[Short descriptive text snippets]
[Start of Attachment]

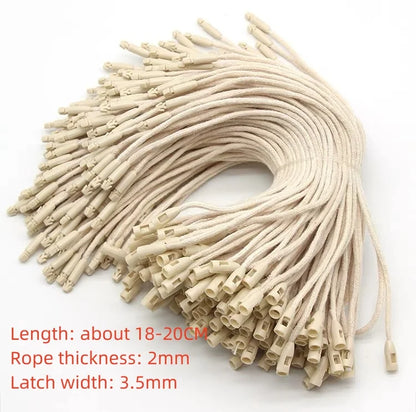 100pcs 20cm Length Clothing Tag  Loop Pins Security Loop Tag Fasteners Price Tag Fastener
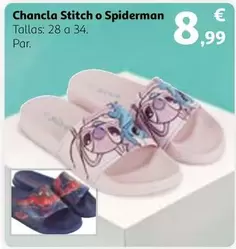 Oferta de Stitch - Chancla Stitch O Spiderman por 8,99€ en Alcampo
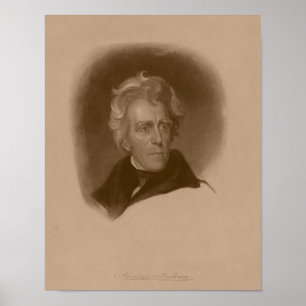 Poster Le Président Andrew Jackson -- Histoire américaine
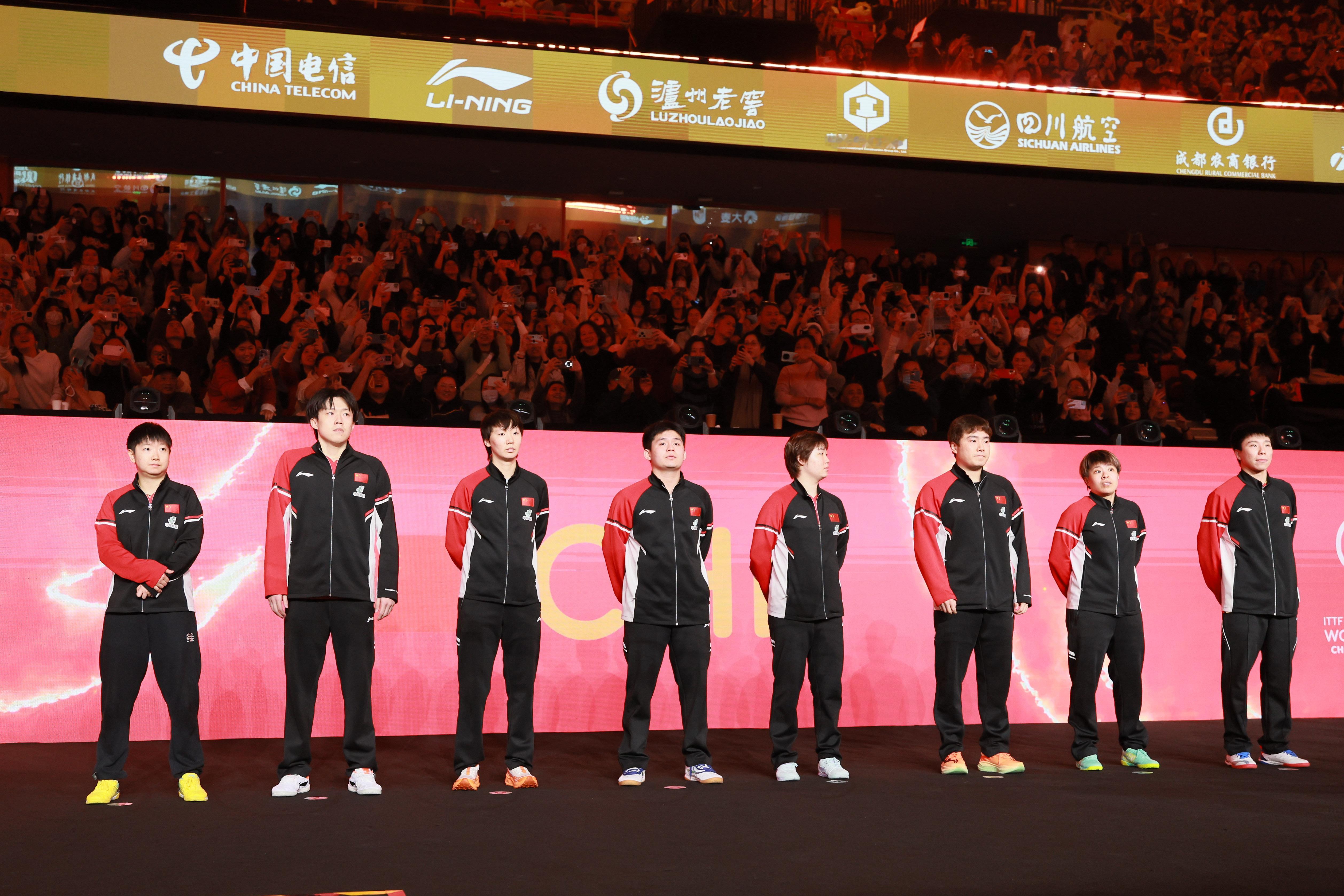 恭喜孙颖莎、王楚钦、王曼昱、林诗栋、蒯曼、梁靖崑、王艺迪、徐瑛彬🎉 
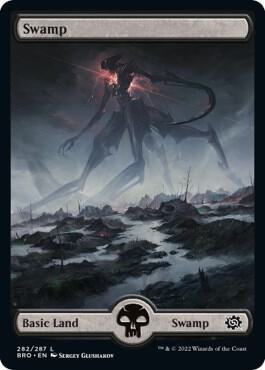 Swamp 282 Full Art 282 (The Brothers' War)  | Good Games Adelaide SA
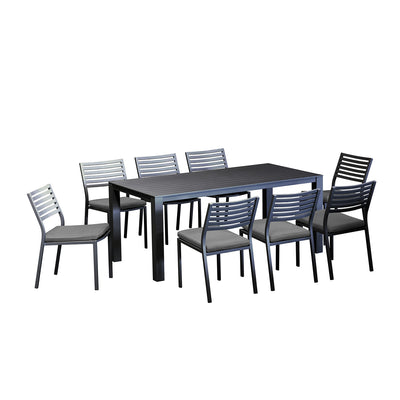 Vernon 180 cm Table Coda Chair Outdoor Dining Setting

[End of Attachment]

WORK ORDER
The lines to copy begin at the one containing "恭喜孙颖莎、王楚钦、王曼昱、林诗栋、蒯曼、梁靖崑、王艺迪、徐瑛彬🎉" and end at the last line of the records. Set down exactly those lines and no others, both ends included, and omit all pictures.

EXERCISE RESULT
 恭喜孙颖莎、王楚钦、王曼昱、林诗栋、蒯曼、梁靖崑、王艺迪、徐瑛彬🎉 
 Swamp 282 Full Art 282 (The Brothers' War)  | Good Games Adelaide SA
 Vernon 180 cm Table Coda Chair Outdoor Dining Setting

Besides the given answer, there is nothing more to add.